15 捜す者
「文官上がりの私には、荷が重過ぎます。軍の知識に長けた人物を用いたほうが」
「いや、君は私と同程度、情報に有利な立場にある。なにより、他の人間を新規採用することで、中央によけいな詮索をされたくないのだ」
「しかし、本当にまだクレッフェの生き残りがいるかどうかも分かりません」
「いなければどうしようもない、他の手を考える。だが、私より軍が先に動けば、カッセル次官に拘束されているクレッフェに第二の『ザゼルの悲劇』が襲うだけだ」
タナカの真剣な口調に、サベンコはため息をついた。
何が悪いと言えば、自分が今朝このメールを受け取ったことが悪いのだ。

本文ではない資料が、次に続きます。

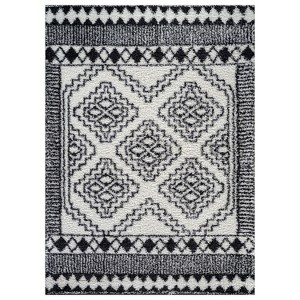 World Rug Gallery Geometric Shag Rug – Ideal for Living Room, Bedroom, or Entryway – White – Medium Pile, Easy to Clean - 1 of 4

このなんというタイミングの悪さ。彼は自分の運命に向かって、心の中で罵声を浴びせた。
しかし、タナカに恩義がないわけではない。
しばらく堂々めぐりのような考えに身を任せ、それから観念してサベンコは顔を上げた。
「分かりました。すぐにでも、私が」
タナカは大柄な体で小さくうなづくと、またはたと自分の顔の険しさに気付いて少しだけ微笑んだ。
「すまないが、ことは急ぐ。サベンコ、頼むよ」
ひどく複雑な気持ちでうなづいたサベンコの気持ちは、言葉で表現することもままならなかった。そして、これは言葉で表現してはならない依頼だった。
どこからつつけばいいのか、目の前に広がる大きな森を一度大きく見回して、サベンコはため息をつきながら思案した。